◆ Information supplied
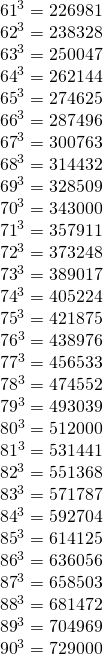 \[\begin{array}{*{20}{c}} {{{61}^3} = {\rm{226981}}}\\ {{{62}^3} = {\rm{238328}}}\\ {{{63}^3} = {\rm{250047}}}\\ {{{64}^3} = {\rm{262144}}}\\ {{{65}^3} = {\rm{274625}}}\\ {{{66}^3} = {\rm{287496}}}\\ {{{67}^3} = {\rm{300763}}}\\ {{{68}^3} = {\rm{314432}}}\\ {{{69}^3} = {\rm{328509}}}\\ {{{70}^3} = {\rm{343000}}}\\ {{{71}^3} = {\rm{357911}}}\\ {{{72}^3} = {\rm{373248}}}\\ {{{73}^3} = {\rm{389017}}}\\ {{{74}^3} = {\rm{405224}}}\\ {{{75}^3} = {\rm{421875}}}\\ {{\rm{7}}{{\rm{6}}^3} = {\rm{438976}}}\\ {{\rm{7}}{{\rm{7}}^3} = {\rm{456533}}}\\ {{\rm{7}}{{\rm{8}}^3} = {\rm{474552}}}\\ {{\rm{7}}{{\rm{9}}^3} = {\rm{493039}}}\\ \begin{array}{l} {80^3} = {\rm{512000}}\\ {81^3} = {\rm{531441}} \end{array}\\ {{{82}^3} = {\rm{551368}}}\\ {{{83}^3} = {\rm{571787}}}\\ {{{84}^3} = {\rm{592704}}}\\ {{{85}^3} = {\rm{614125}}}\\ {{{86}^3} = {\rm{636056}}}\\ {{{87}^3} = {\rm{658503}}}\\ {{{88}^3} = {\rm{681472}}}\\ {{{89}^3} = {\rm{704969}}}\\ {{{90}^3} = {\rm{729000}}}\\ {} \end{array}\]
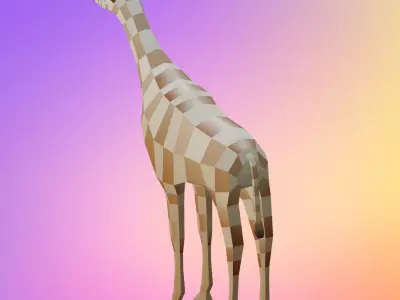 Low poly giraffe Low-poly 3D model buy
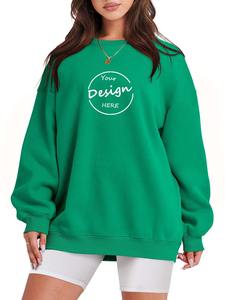 Sudadera de cuello redondo holgada de algodón con parche bordado personalizado y estampado puff, de hombros caídos y corte oversize para mujer - Product Image 6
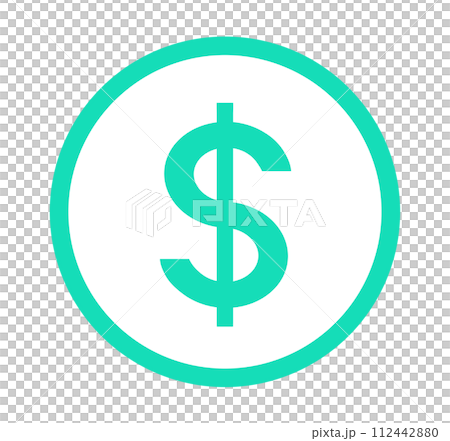 シンプルな緑色のドルマーク	 112442880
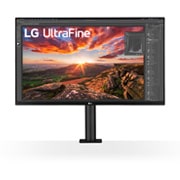 LG 31.5'' UHD 4K Ergo IPS Monitor with USB-C, front view with the monitor arm on the center, 32UN880K-B, thumbnail 2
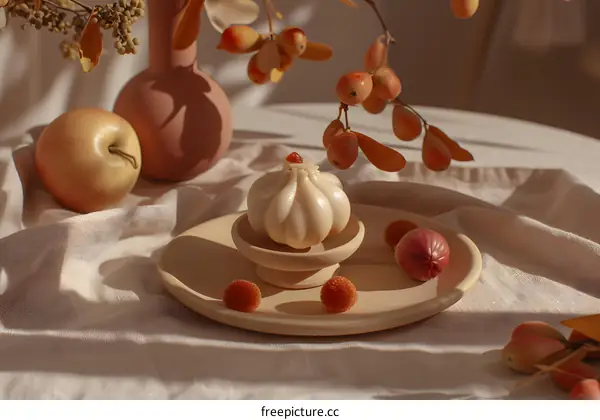 Close Up of White Bun on Wooden Plate with Fruit Decoration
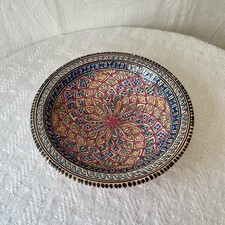 Large Footed Bowl Tunisian Pottery Colourful Patterned Round Fruit Bowl Retro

◆ Task description
Please repeat each line above exactly as it appears, but omit the pictures.

◆ Output of the exercise
 \[\begin{array}{*{20}{c}} {{{61}^3} = {\rm{226981}}}\\ {{{62}^3} = {\rm{238328}}}\\ {{{63}^3} = {\rm{250047}}}\\ {{{64}^3} = {\rm{262144}}}\\ {{{65}^3} = {\rm{274625}}}\\ {{{66}^3} = {\rm{287496}}}\\ {{{67}^3} = {\rm{300763}}}\\ {{{68}^3} = {\rm{314432}}}\\ {{{69}^3} = {\rm{328509}}}\\ {{{70}^3} = {\rm{343000}}}\\ {{{71}^3} = {\rm{357911}}}\\ {{{72}^3} = {\rm{373248}}}\\ {{{73}^3} = {\rm{389017}}}\\ {{{74}^3} = {\rm{405224}}}\\ {{{75}^3} = {\rm{421875}}}\\ {{\rm{7}}{{\rm{6}}^3} = {\rm{438976}}}\\ {{\rm{7}}{{\rm{7}}^3} = {\rm{456533}}}\\ {{\rm{7}}{{\rm{8}}^3} = {\rm{474552}}}\\ {{\rm{7}}{{\rm{9}}^3} = {\rm{493039}}}\\ \begin{array}{l} {80^3} = {\rm{512000}}\\ {81^3} = {\rm{531441}} \end{array}\\ {{{82}^3} = {\rm{551368}}}\\ {{{83}^3} = {\rm{571787}}}\\ {{{84}^3} = {\rm{592704}}}\\ {{{85}^3} = {\rm{614125}}}\\ {{{86}^3} = {\rm{636056}}}\\ {{{87}^3} = {\rm{658503}}}\\ {{{88}^3} = {\rm{681472}}}\\ {{{89}^3} = {\rm{704969}}}\\ {{{90}^3} = {\rm{729000}}}\\ {} \end{array}\]
 Low poly giraffe Low-poly 3D model buy
 Sudadera de cuello redondo holgada de algodón con parche bordado personalizado y estampado puff, de hombros caídos y corte oversize para mujer - Product Image 6
 シンプルな緑色のドルマーク	 112442880
 LG 31.5'' UHD 4K Ergo IPS Monitor with USB-C, front view with the monitor arm on the center, 32UN880K-B, thumbnail 2
 Close Up of White Bun on Wooden Plate with Fruit Decoration
 Large Footed Bowl Tunisian Pottery Colourful Patterned Round Fruit Bowl Retro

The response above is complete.